Strengths

A clearly written report, with clearly presented code, using a variety of time series techniques to investigate a question of public health interest. Constructive use of ChatGPT to assist the project development without harming the report by over-use.

Points for consideration

  1. “several” seems to be 1.2 million globally or hundreds in NYC, which is more than “several.”

  2. In the introduction, “root causes” are mentioned without explaining what they might be. Additional discussion of the data and the issues at stake would be helpful.

  3. Using the decompose function is unclear as a method if the report doesn’t discuss what it does.

  4. “The ACF shows non-stationarity” is not necessarily true - a decaying and oscillating sample ACF can be consistent with stationarity.

  5. Figures could be numbered and captioned for easier reference.

  6. “verify that the first order difference of the number of people injured from vehicle is stationary.”. To be more careful, we cannot verify that it is stationary, but we can (and do) reject the null hypothesis of a time-homogeneous linear process with a unit root.

  7. When interpreting the AIC table, and choosing ARIMA(4.1,3), look for inconsistencies in the table and for evidence of roots on the unit cicrle, and/or close to canceling. Also, if you choose a value on the edge on the table one may want to explore a bigger table.

  8. “Unfortunately, we cannot compare the two models by purely using AIC as they are using the different amount of differencing” is wrong because the differencing is the same here.

  9. “residuals… adhering to the zero-mean assumption.” The residuals in a regression sum to zero by construction, not by assumption. It is similar in an ARIMA model.
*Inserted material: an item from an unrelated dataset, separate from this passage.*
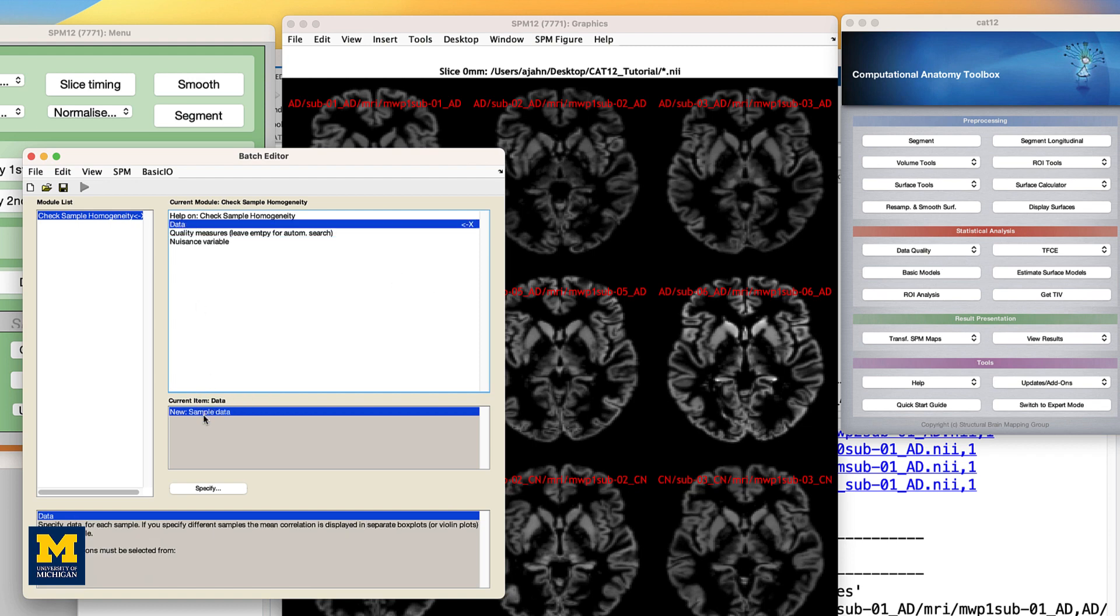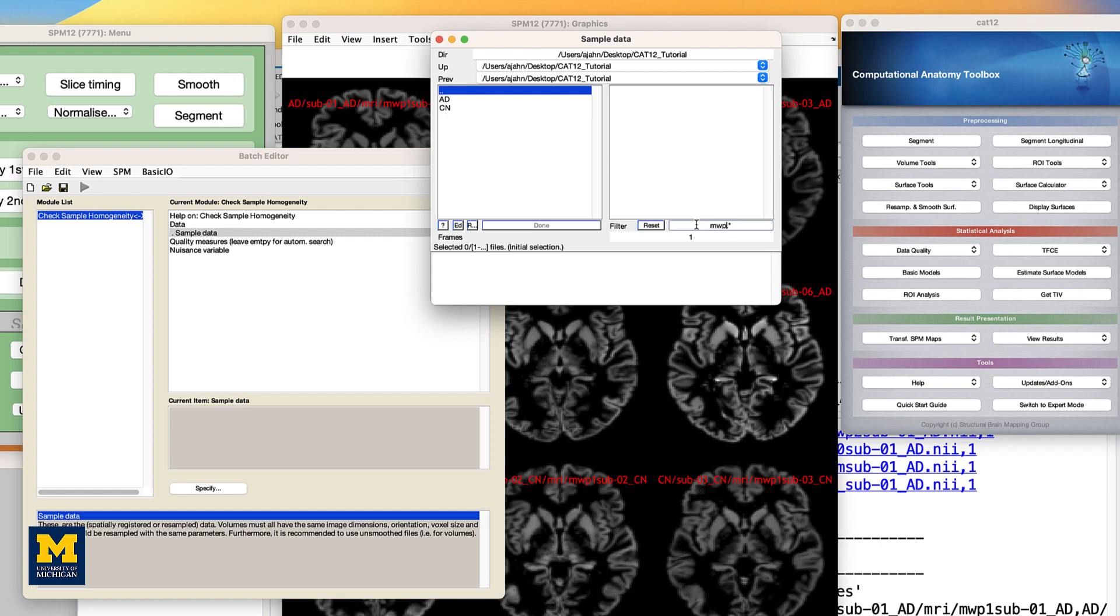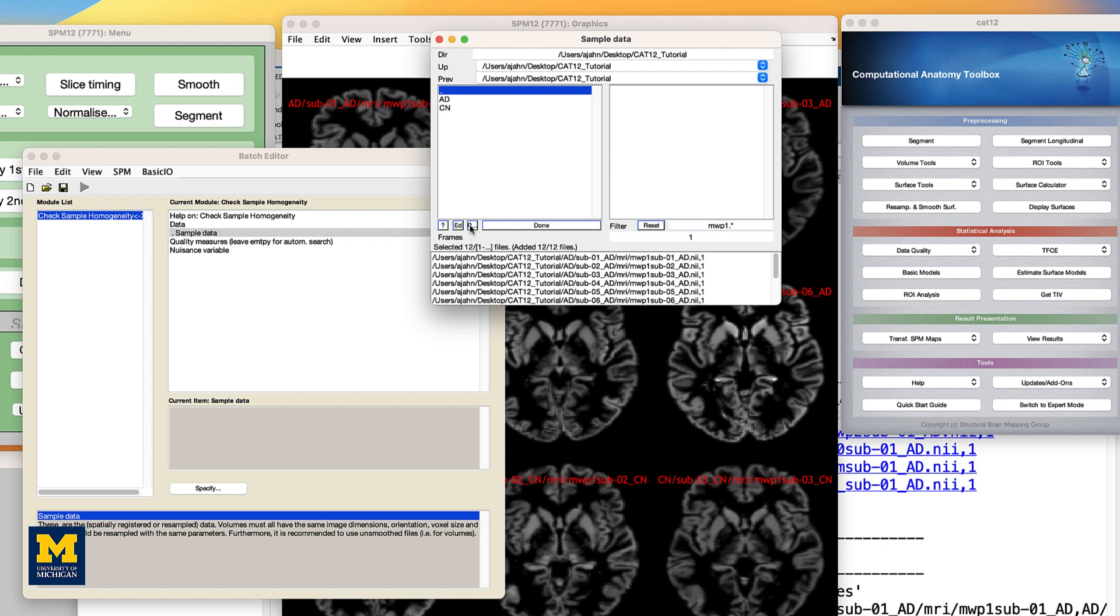Click on data, and then new sample data. From there, double-click on sample data. Similar to before, use the resulting selection window to navigate to the CAT12 tutorial directory containing your AD and CN folders, and then enter the string WMP1 and click the REC button. Once all 12 files are selected, click done.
  10. The greedy algorithm to select \(P=Q=1\) with \(p\) and \(q\) fixed from a non-seasonal model is reasonable, but in what sense does it guarantee “we have established that the \(SARIMA(4,1,3)\times(1,0,1)_{12}\) model best fits the seasonal patterns observed in the data”?

  11. The conclusion says, “highlighting the critical role of data-driven decision-making in public health and safety initiatives”. This does not seem to be supported by the analysis. There is no explanation of how this model may help decision-making, and certainly no evidence provided to explain why such a model is critical for this.

  12. One of the main results is discovery of seasonality, but this could be explained further and discussed: which months have high accident rates, and can you conjecture why?

  13. For visualizing seasonality, the plot of superimposed annual cycles in Project 5 would be a good strategy.

  14. It could be relevant to look for covariate time series, to carry out regression with ARMA errors or cross-correlation or coherence analysis to help understand factors explaining variations in the number of accidents.

  15. There are a healthy number of references. A consistent reference style, such as APA (https://apastyle.apa.org/style-grammar-guidelines/references) could be used.

  16. The clickable format for the figures is not particularly convenient. The version in the text has fonts too small to read.

  17. Additional proof-reading to correct small mistakes would remove distractions for the reader.